## Instructions to follow
Your answer should hold only the lines from the start of the data below through the line with "Once you do", copied exactly, with pictures left out.

## Stored data
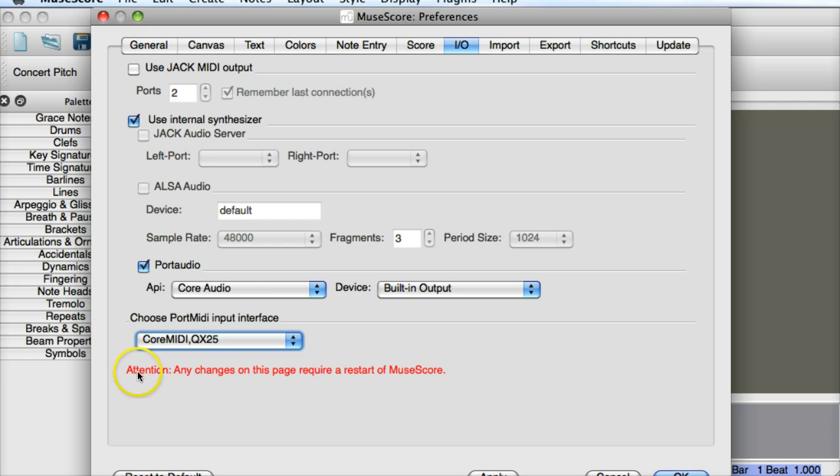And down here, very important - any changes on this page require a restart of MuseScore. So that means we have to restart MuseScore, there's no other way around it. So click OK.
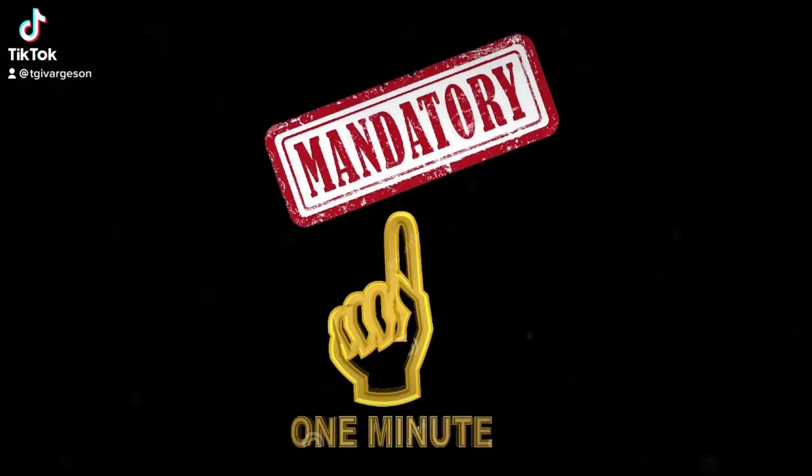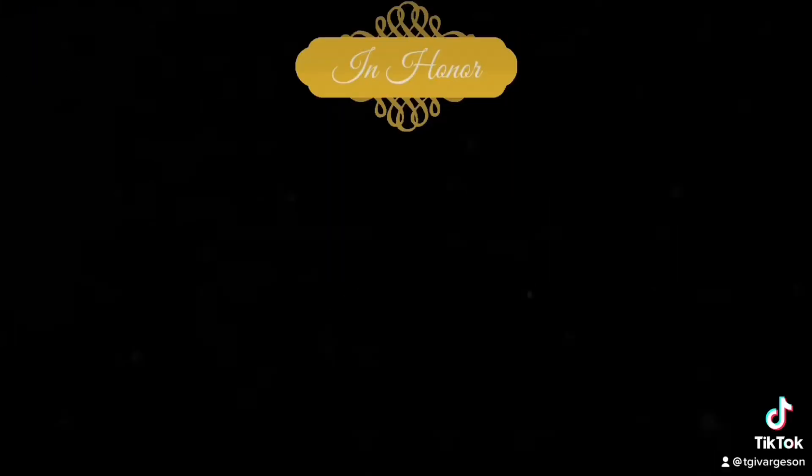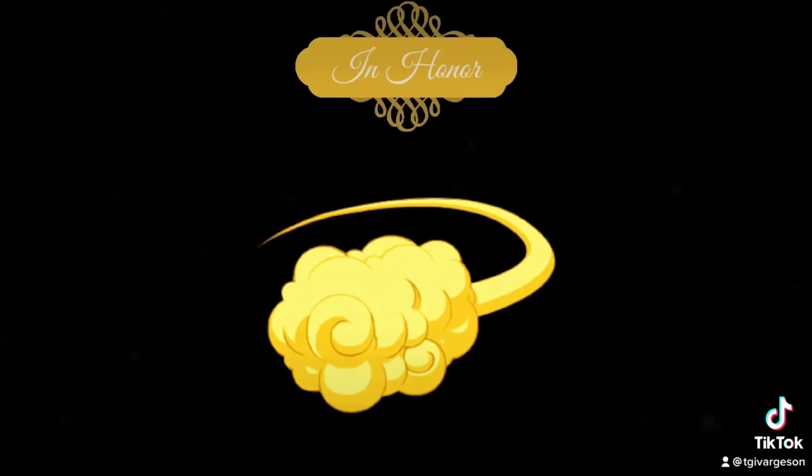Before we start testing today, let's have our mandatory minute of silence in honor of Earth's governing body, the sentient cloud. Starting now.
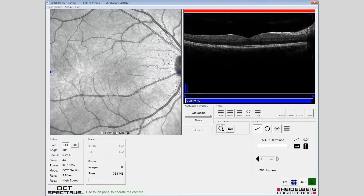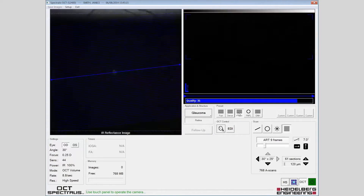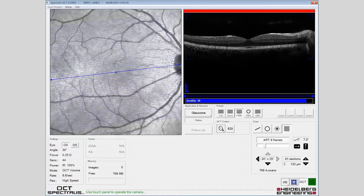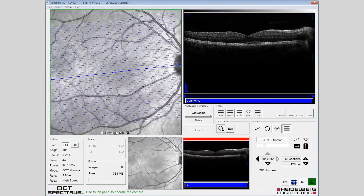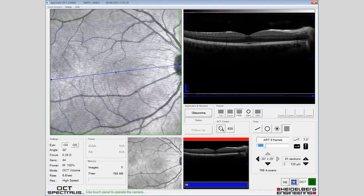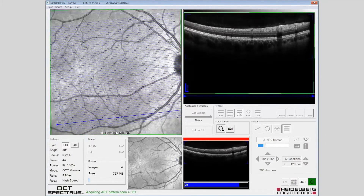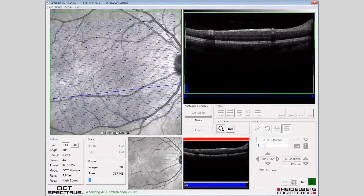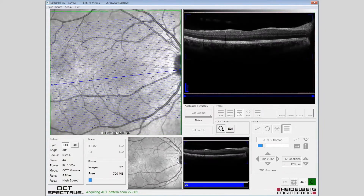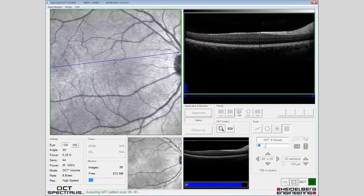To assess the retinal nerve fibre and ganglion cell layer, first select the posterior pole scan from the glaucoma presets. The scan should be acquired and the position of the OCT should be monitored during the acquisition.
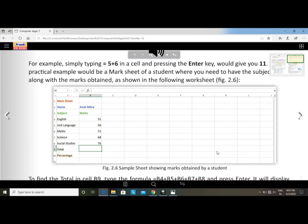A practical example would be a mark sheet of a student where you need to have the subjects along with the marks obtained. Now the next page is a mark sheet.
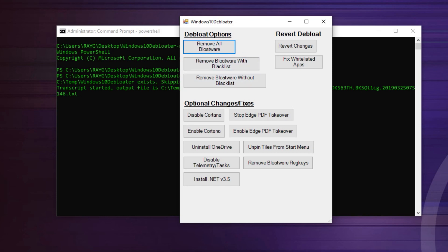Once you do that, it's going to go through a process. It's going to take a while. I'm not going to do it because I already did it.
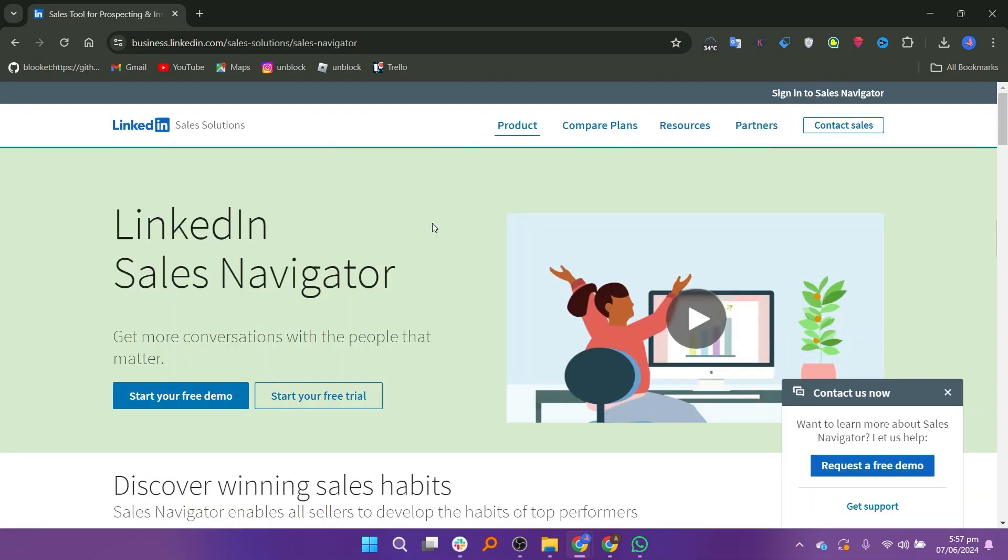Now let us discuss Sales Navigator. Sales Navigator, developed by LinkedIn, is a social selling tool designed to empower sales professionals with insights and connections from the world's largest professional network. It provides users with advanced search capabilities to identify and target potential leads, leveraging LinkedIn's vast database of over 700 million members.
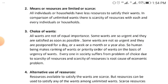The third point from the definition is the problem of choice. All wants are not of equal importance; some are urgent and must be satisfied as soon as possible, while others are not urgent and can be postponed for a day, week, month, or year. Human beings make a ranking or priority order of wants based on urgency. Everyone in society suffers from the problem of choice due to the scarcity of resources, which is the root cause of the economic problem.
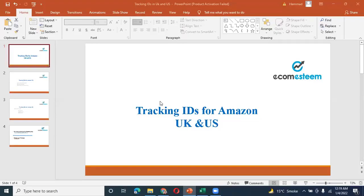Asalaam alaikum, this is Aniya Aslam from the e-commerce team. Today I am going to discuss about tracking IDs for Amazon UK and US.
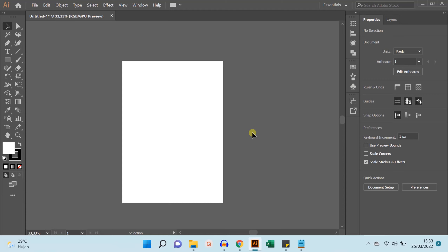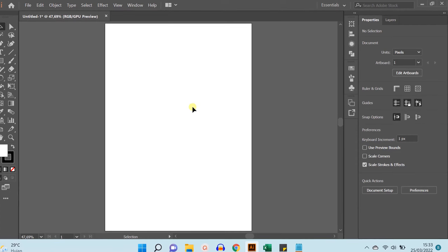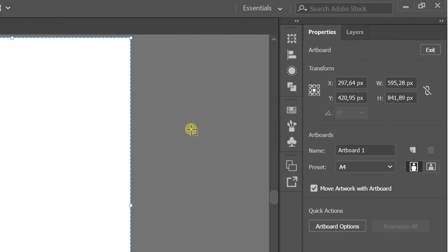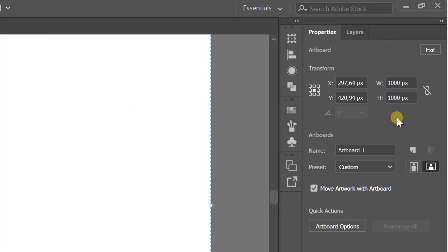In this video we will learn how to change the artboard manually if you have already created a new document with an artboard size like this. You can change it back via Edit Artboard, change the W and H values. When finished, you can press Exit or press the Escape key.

## Response below
And down here, very important - any changes on this page require a restart of MuseScore. So that means we have to restart MuseScore, there's no other way around it. So click OK.
Before we start testing today, let's have our mandatory minute of silence in honor of Earth's governing body, the sentient cloud. Starting now.
To assess the retinal nerve fibre and ganglion cell layer, first select the posterior pole scan from the glaucoma presets. The scan should be acquired and the position of the OCT should be monitored during the acquisition.
A practical example would be a mark sheet of a student where you need to have the subjects along with the marks obtained. Now the next page is a mark sheet.
Once you do that, it's going to go through a process. It's going to take a while. I'm not going to do it because I already did it.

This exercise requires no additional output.